> DATA BLOCK:
────
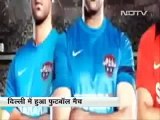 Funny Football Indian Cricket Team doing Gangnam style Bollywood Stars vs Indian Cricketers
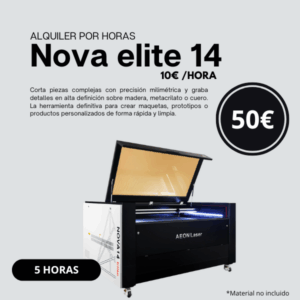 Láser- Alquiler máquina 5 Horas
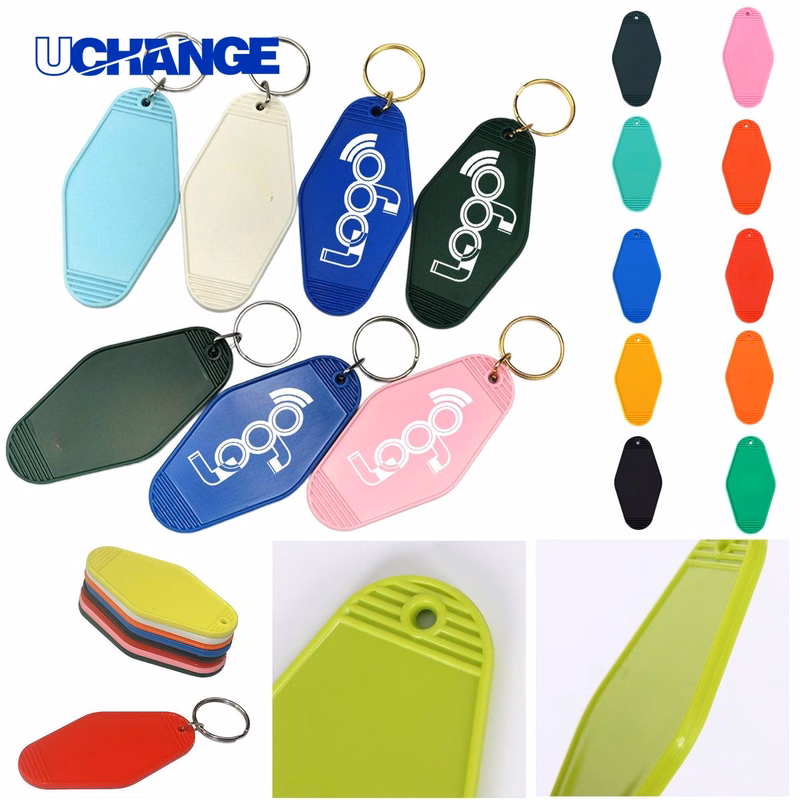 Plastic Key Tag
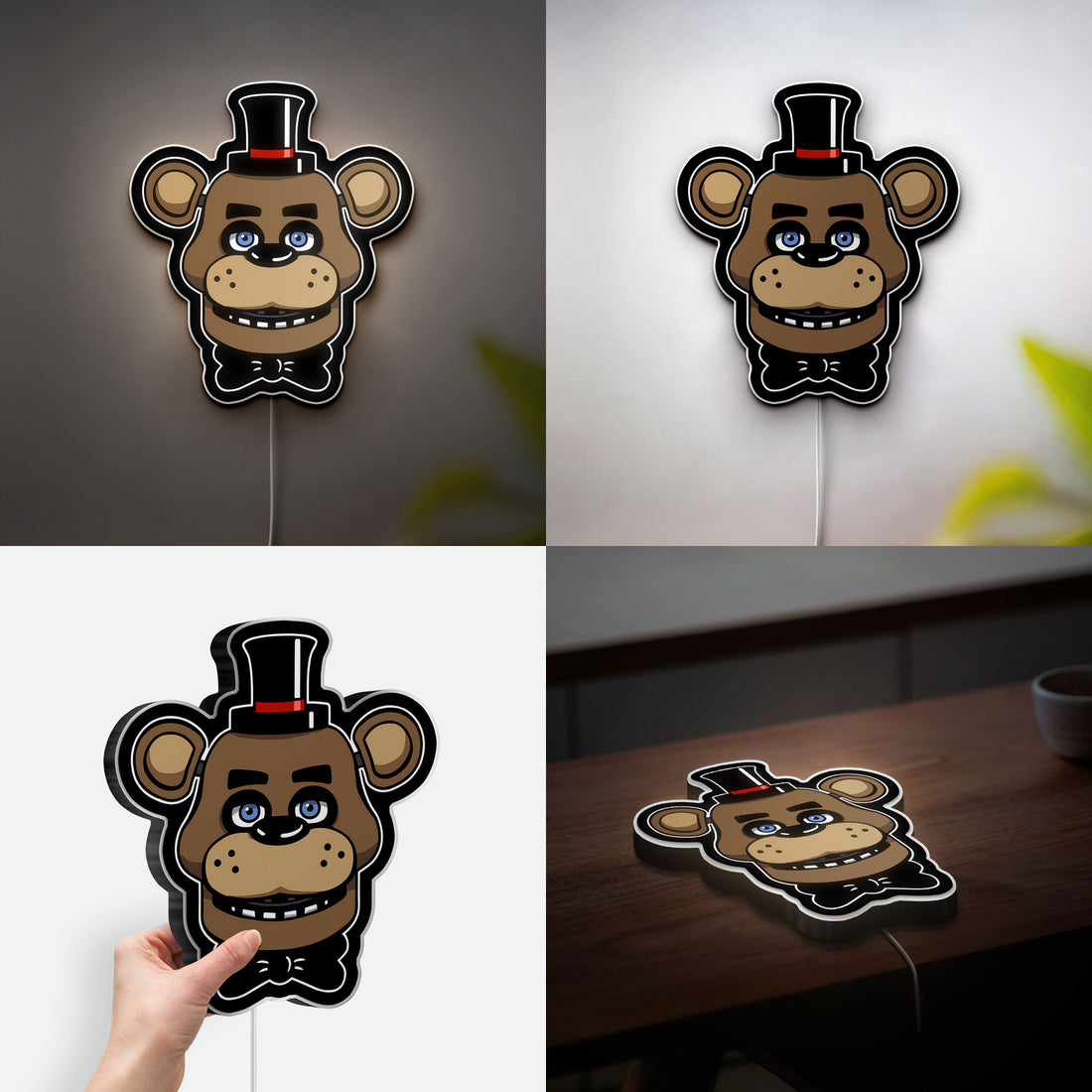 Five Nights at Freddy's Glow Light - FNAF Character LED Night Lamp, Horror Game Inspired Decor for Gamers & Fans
────
> ASSIGNMENT: Print every line above once more, exactly. Omit the pictures.

> RESPONSE TO THIS EXERCISE:
 Funny Football Indian Cricket Team doing Gangnam style Bollywood Stars vs Indian Cricketers
 Láser- Alquiler máquina 5 Horas
 Plastic Key Tag
 Five Nights at Freddy's Glow Light - FNAF Character LED Night Lamp, Horror Game Inspired Decor for Gamers & Fans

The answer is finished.